Recommended Software: SaaS Management Software such as Compyl can help mitigate risk across the organization.
SOC 2 certification is issued by outside auditors. They assess the extent to which a vendor complies with one or more of the five trust principles based on the systems and processes in place.
Trust principles are broken down as follows:
SOC 2 CC1: Control Environment Workflows are at the heart of every organization. As an organization grows from two people to five to ten, and so on, these workflows can introduce security loopholes.
SOC 2 CC1 addresses your control environment, of which workflows are a component. Most workflow suites includes predetermined workflows for the most common business tasks, including employee onboarding, offboarding, vendor requests, approvals, renewals, and terminations. It also includes the ability to build, save, and repeat your own customized workflows to match your particular internal processes. When you use Compyl for SOC 2 compliance, all your workflows are documented as exportable logs.
When you decide to undertake a SOC 2 audit, you can easily pull these logs and present them as evidence to your auditors.
SOC 2 CC5: Control Activities As mentioned earlier, the average mid-sized company uses 120 SaaS tools.
That’s a lot of vendors. Lack of visibility into who all these vendors are and how they interact with your company can be grounds for SOC 2 noncompliance. Maintaining unwieldy spreadsheets, while a common standard, fails to capture crucial real-time data regarding your vendors.

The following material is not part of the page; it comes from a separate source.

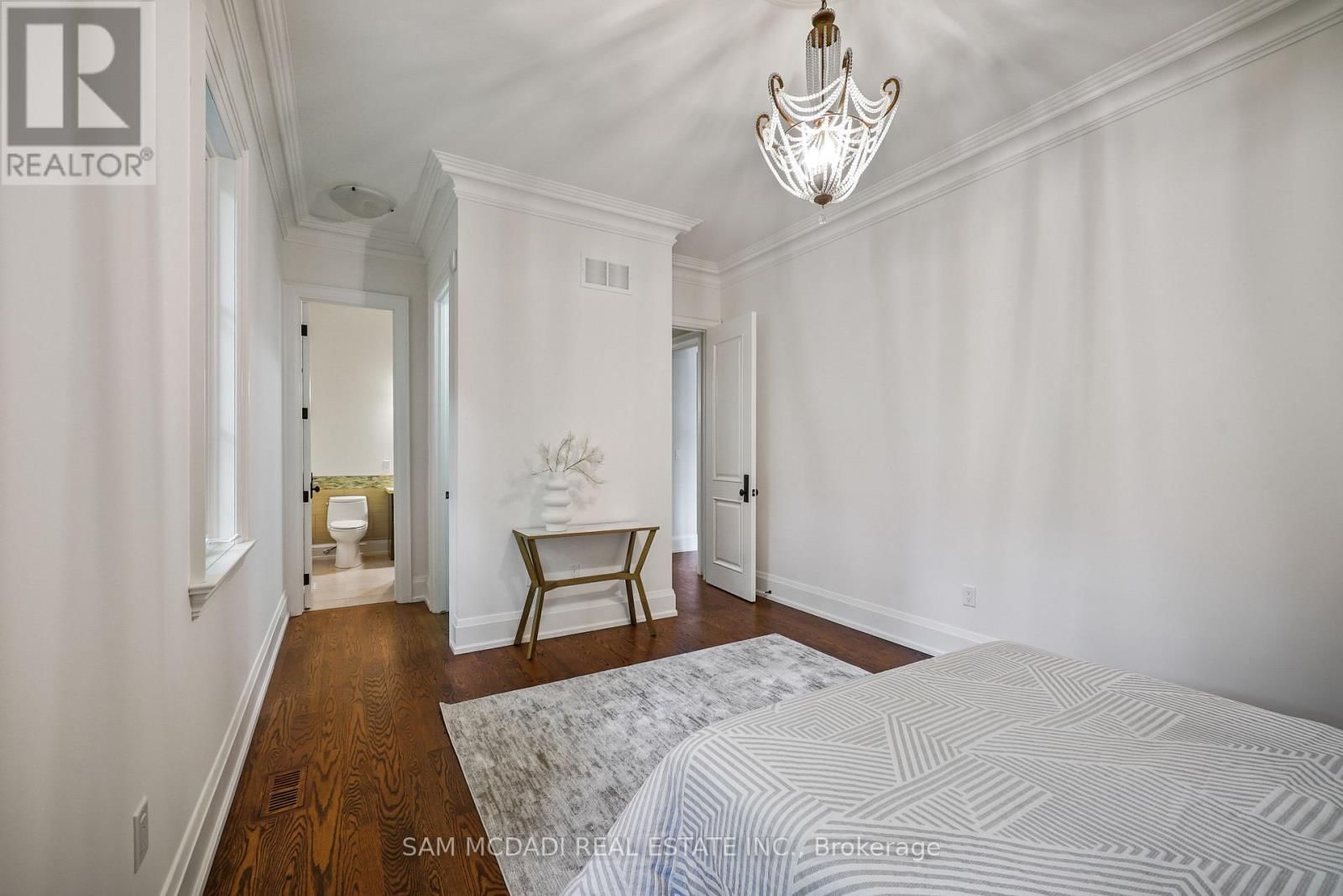 190 MAPLEWOOD ROAD Image 25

SOC 2 CC6: Logical and Physical Access Controls While the broader CC6 framework considers both logical and physical access controls, Compyl helps you manage logical access controls. We do this by giving you enhanced visibility of all the third-party apps in use at your organization. App discovery and tracking give you a single source of truth as support for your SOC 2 compliance documentation. Moreover, security monitoring provides ongoing access control data collection crucial to your SaaS security audit compliance. If a new app is added to your organization or there’s a user state change, Compyl captures this data as exportable activity logs.
SOC 2 CC9: Risk Mitigation One of the challenges companies face when creating a risk mitigation plan is the lack of a system of record. A system of record is a single source of truth providing transparent, auditable data about a process within an organization. Organizations using different SaaS products without a point of convergence struggle to create a unified system of record. Compyl solves this by providing a converged system of record comprising an extensive SaaS codex with a robust system of record.

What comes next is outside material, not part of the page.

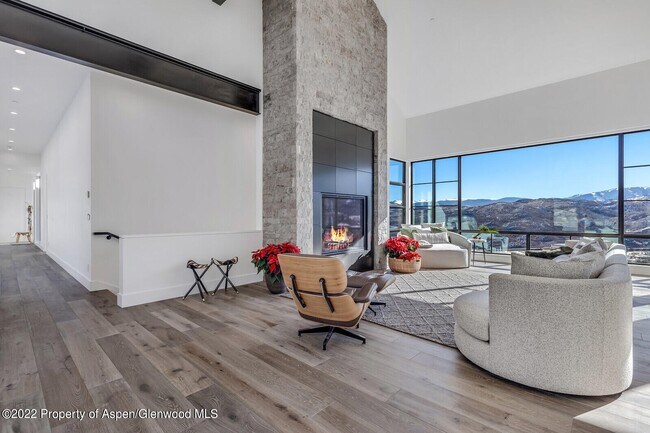 Foto del edificio - 686 Oak Ridge Rd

The privacy principle addresses the system’s collection, use, retention, disclosure and disposal of personal information in conformity with an organization’s privacy notice, as well as with criteria set forth in the AICPA’s generally accepted privacy principles (GAPP). Personal identifiable information (PII) refers to details that can distinguish an individual (e.g., name, address, Social Security number). Some personal data related to health, race, sexuality and religion is also considered sensitive and generally requires an extra level of protection. Controls must be put in place to protect all PII from unauthorized access.
Adapt quickly to new industry requirements, expansion, and other needs that affect the organization.
To be able to get all the evidence needed for any audit in a single click is very important and can be a huge time saving for any industry and vertical.
Through this data, you can demonstrate the measures you have taken to modulate logical access control across all your organization’s apps. Using Compyl for SOC 2 compliance gives you a centralized view of all third-party SaaS apps in use in your organization, and tools to help you manage how your personnel interacts with them.
While SOC 2 compliance isn’t a requirement for SaaS and cloud computing vendors, its role in securing your data cannot be overstated.